Every vintage car tells a story
Kolkata has around 200 of them. Coinciding with this weekend's annual rally, and just after the legendary Wanderer got restored, we revisit this slice of city nostalgia
Around the middle of last year, a senior executive of German automobile manufacturer Audi took vintage car restorer Pallab Roy to “visit" a car. He didn’t tell Roy much about the car, only that facilitating its restoration was an assignment the executive dare not ignore. He wanted Roy’s help.

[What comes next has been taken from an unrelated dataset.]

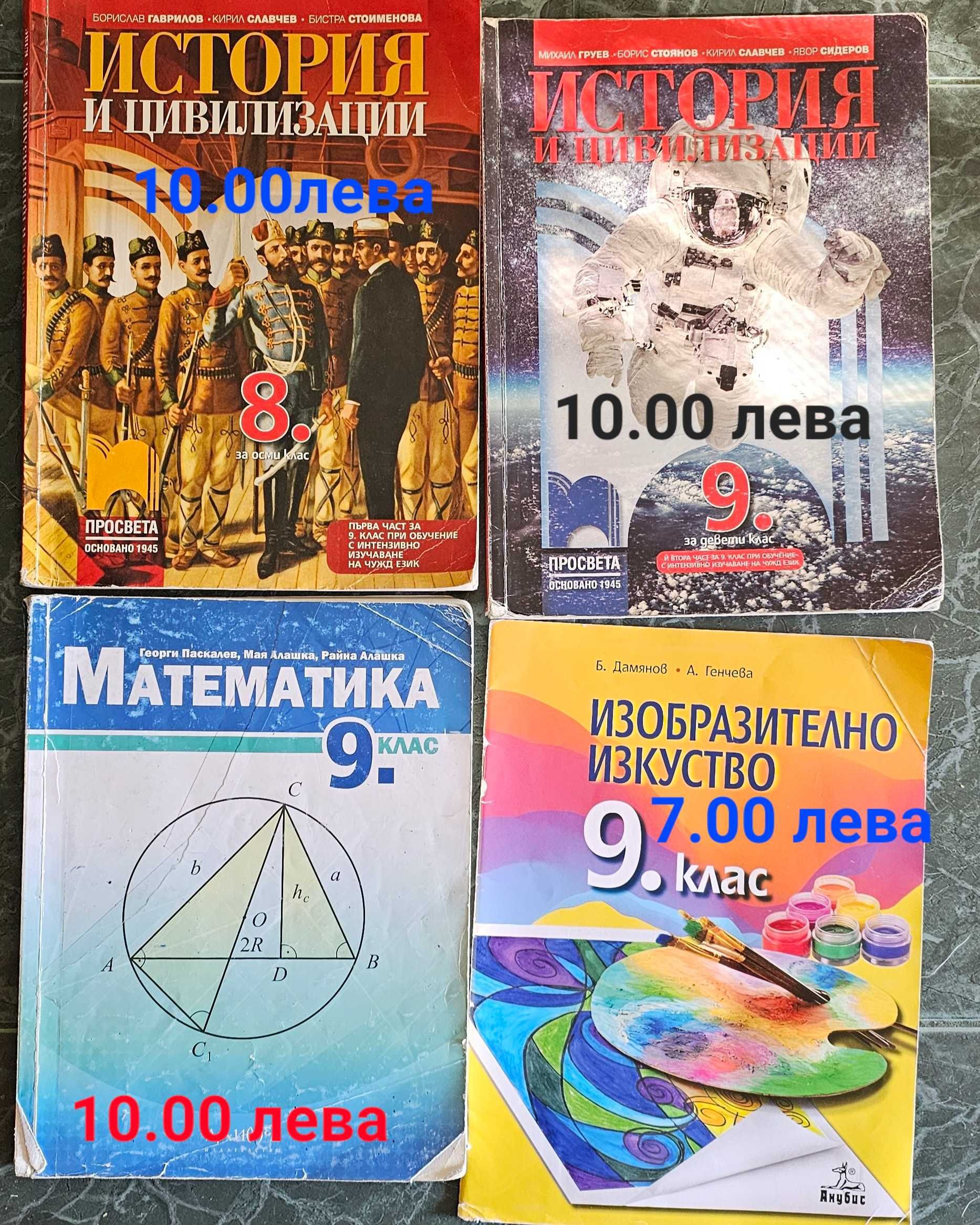 Учебници за 8,9,10 клас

Walking through the driveway of the house on Kolkata’s Elgin Road, Roy quickly realized the import of the task. Manufactured in 1937 by the German motor company Auto Union, the immediate predecessor of Audi, the four-door sedan was locked inside a glass cage. It may have looked dull but it was part of a gleaming, extraordinary history. “This was an opportunity like no other and I accepted the challenge easily," says Roy.

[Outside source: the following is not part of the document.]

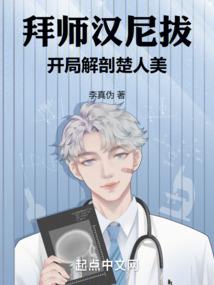 山海云梦志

It took six months of painstaking toil to restore the Wanderer W24 Sedan—its number plate BLA 7169 reflecting a time when Bengal didn’t have the “West" prefixed to its name. Its unveiling on 18 January by President Pranab Mukherjee coincided with the completion of 75 years of the great escape (from the British) of freedom fighter Subhas Chandra Bose.
It was the wee hours of 16 December 1941, that Bose, disguised as Pathan insurance agent Mohammad Ziauddin to hoodwink British intelligence, escaped from his Elgin Road residence in the Wanderer.
“The President wasn’t scheduled to sit in the car and when he excitedly decided to after I started the engine, he sat on the front seat next to me," says Sugata Bose, grand-nephew of Bose, a member of Parliament and Gardiner professor of oceanic history and affairs at Harvard University, US. “He refused to take the back seat where Bose had sat."
It was Sugata Bose’s father, Sisir Kumar Bose, a medical student at the time, who drove his uncle over the next two days to the Gomoh railway station in present-day Jharkhand; from there, his uncle made his way to Peshawar. Though the Bose family owned another car, the bigger and faster Studebaker President, one reason the Wanderer was chosen, writes Sisir in The Great Escape, was its undistinguished looks. From Peshawar, Subhas Chandra Bose would travel half the world—Afghanistan, the Soviet Union, Germany, thereafter undertaking an exceptional journey in the German submarine, U-180, before transferring to the Japanese I-29 submarine around the Cape of Good Hope to finally reach Japan, all the while enlisting support and building an army for India’s freedom struggle against the British.
When Sisir silently drove out at 1.35am with Bose, his only passenger, it would be the last time Bose’s family or city would see him. What followed is history.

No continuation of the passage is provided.